The innermost planet of our Solar System, Mercury, received
the visit of NASA’s MESSENGER spacecraft, in the second encounter between the
two this year. On its second successful flyby past Mercury, at 1:50 a.m. EDT Monday,
MESSENGER started sending images and data back to Earth, revealing another 30
percent of the planet scientists had never seen before.
The achievement is extremely important, as the scientific
community has been eagerly waiting for new details on the smallest planet in
our Solar System for the past three decades. In January this year, MESSENGER
mapped over 20 percent of uncharted territory, and added an additional 30
percent now. “The MESSENGER team is extremely pleased by the superb performance
of the spacecraft and the payload,” said MESSENGER principal investigator Sean
Solomon of the Carnegie Institution of Washington.

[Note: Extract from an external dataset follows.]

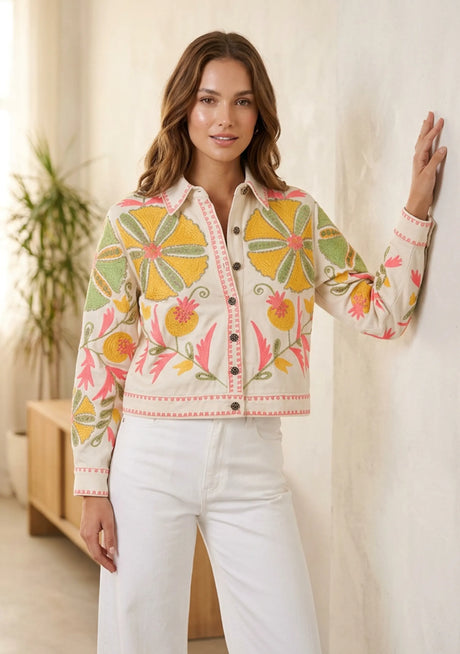 Veste en toile brodée main artisanale pour femme - Meliah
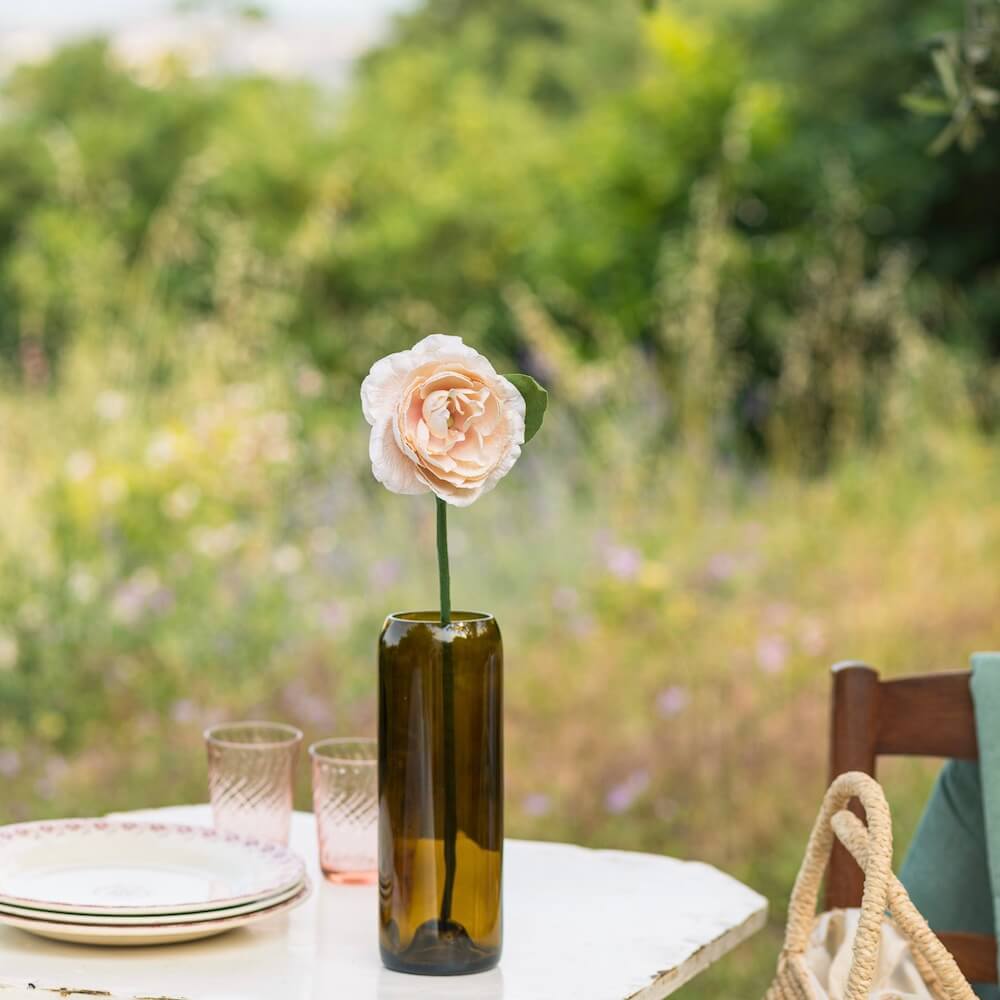 Camélia en papier pêche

On October 6, at 4:40 a.m. EDT, MESSENGER successfully
completed its second flyby past Mercury, and continued its journey, which will
end in March 2011, when the spacecraft will position itself in Mercury’s orbit.
In September 2009, MESSENGER will execute a third and last Mercury flyby before
becoming the first Mercury orbital mission in the history of space exploration.

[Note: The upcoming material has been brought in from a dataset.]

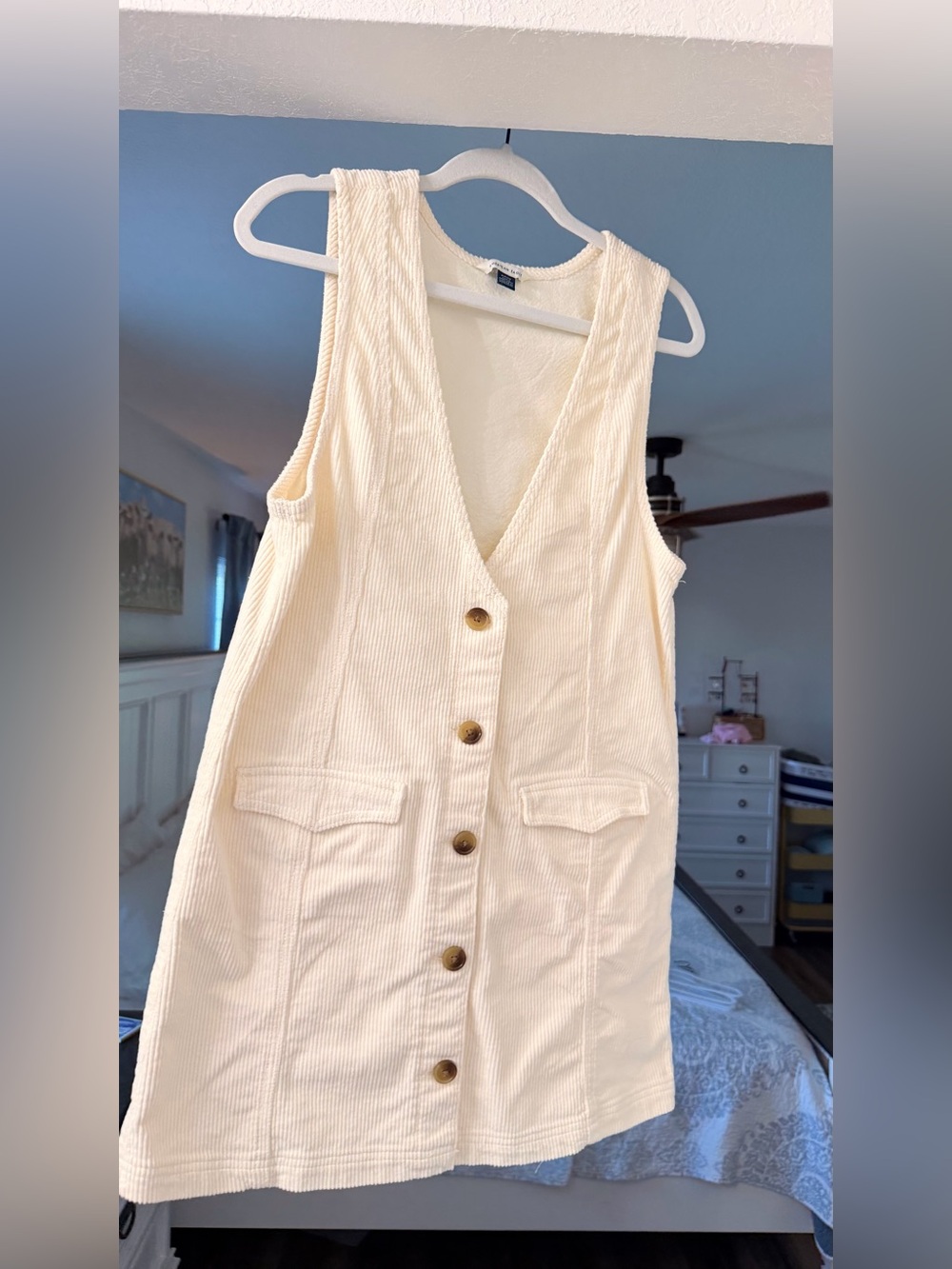 American Eagle Cream Button-Front Sleeveless Corduroy Dress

With the help of its Wide Angle Camera (WAC) and the Mercury
Dual Imaging System (MDIS) instrument, MESSENGER snapped what APL called
"spectacular" images. One of these images captured a bright crater, which was
identified as Kuiper, also captured by Mariner 10 in one of its flybys in the
1970s. East of Kuiper, MESSENGER captured views of an area with a large pattern
on rays that extend from the northern region of Mercury to regions south of
Kuiper.
Furthermore, MESSENGER’s Mercury Atmospheric and Surface
Composition Spectrometer and Mercury Laser Altimeter instruments have for the first
time gathered data of the same area of Mercury, which will allow unprecedented
studies regarding this region to be executed, APL pointed out.
The team of scientists in charge of the MESSENGER mission is
currently studying new data, including images of never-before-seen sides of
Mercury, which will hopefully give them an accurate view on the geological
history of our Solar System’s smallest planet.
MESSENGER will continue its mission in space, after
carefully adjusting its course for future missions by using Mercury’s gravity. The most
important part of the MESSENGER spacecraft right now is to successfully complete the third
flyby past Mercury, and to position itself for the final mission, which will
last for four Mercury years (or one Earth year) into the planet’s orbit.
After the three 200-kilometers (124-mile) altitude flybys
are completed, MESSENGER will enter Mercury’s orbit in March 2011, with the
mission of gathering fresh data on the surface, atmosphere and magnetosphere of
Mercury, as well as complete the mapping of the entire planet. Flight
controllers and mission analysts at the John Hopkins University Applied Physics
Laboratory (APL) will monitor and operate the spacecraft.